New alarm fee could give police a secure feeling

Committee forwards idea to council

Dec. 14, 2011

The owners of Wauwatosa homes and businesses equipped with alarms may be required register their security systems and pay a $20 annual fee starting in January.

The Budget and Finance Committee on Tuesday voted 5-1 to support instituting the new fee.

City officials say it's an effort to provide better safety for residents and officers who don't know what they'll find each time they respond to one of the nearly 1,000 security alarms triggered within the city each year.

"Keeping our people safe to me supercedes the $20," Alderman Tim Hanson said. "They can choose to pay that fee because they chose to have an alarm."

The need for more info

Unlike a 911 call, in which people often are able to give detailed information, the city has little information to work from when an alarm is sounded.

Alarmed properties generally receive a higher level of service than properties that don't have them. For any alarm, at least two patrols cars respond, Chief Barry Weber said.

Without a registry, Police Capt. Dale Weiss said that under existing procedures, police officers will leave if, after 30 minutes, there is no contact with a keyholder and there seems to be no criminal activity.

There's always a feeling of "are we sure we should be leaving, Weiss said, adding that up-to-date information such as the security alarm company and property owner's contact information and whether neighbors have keys can help make a safer judgment.

In addition, the knowledge of whether a dog is on the property can provide some safe warning to the responding officers.

Implementing and using fee

The fee and the anticipated $25,000 revenue, which officials said will cover city staff time to get the registry started, were included in the 2012 budget. However, city staff realized the city needed an ordinance to collect the fee - a fact that was overlooked until after police sent out a letter to about 1,700 alarmed properties.

Following the Jan. 31 registration and fee deadline, police will continue to respond to all alarms. However, unregistered properties will be subject to a $50 late fee as well as a possible false alarm fee already on the city's books.
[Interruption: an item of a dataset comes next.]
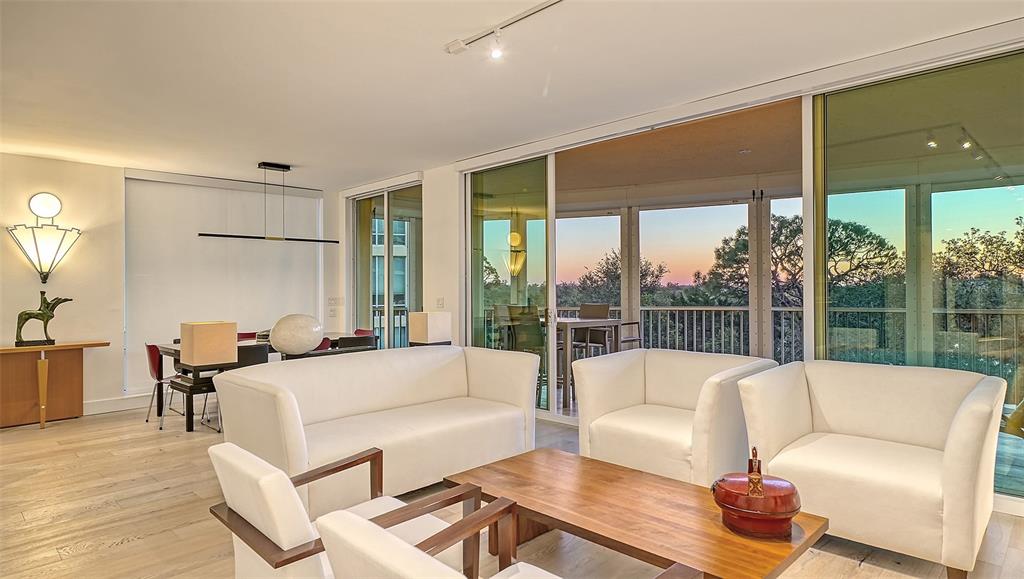 401 North Point Road, Unit 404 Osprey, FL 34229 - Photo 15 of 95 Gallery Image 15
"We know there are a lot more alarm systems out there that aren't registered in anyway," Weiss said.

Alarms, whether connected to a security system or just make noise when triggered, must be registered, Weiss said.

Merely an added cost?

Rich Lochrie, owner of a Village business and a local home, said the city should provide incentives.

"You want more people with more alarms," he said, adding that he installed alarms following break-ins.
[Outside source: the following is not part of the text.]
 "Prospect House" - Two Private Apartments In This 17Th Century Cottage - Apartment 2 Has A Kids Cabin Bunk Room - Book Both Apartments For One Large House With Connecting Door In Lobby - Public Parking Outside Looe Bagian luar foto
Paying for a security system is not cheap and police fees just add to the cost, Lochrie said.

Alderwoman Cheryl Berdan, the only dissenter on the committee, saw the benefit of the registry to property owners and law enforcement, but she was having trouble making it a requirement. Many people would voluntarily provide the information to improve safety but there is also a privacy factor that goes with security, she said.

The issue must go to the entire Common Council for final approval before any fees are collected.

Next step

WHAT: The Common Council will vote on whether to charge $20 registration fee to each Wauwatosa property owner that has a security system.

WHEN: 7:30 p.m.

WHERE: City Hall, 7725 W. North Ave.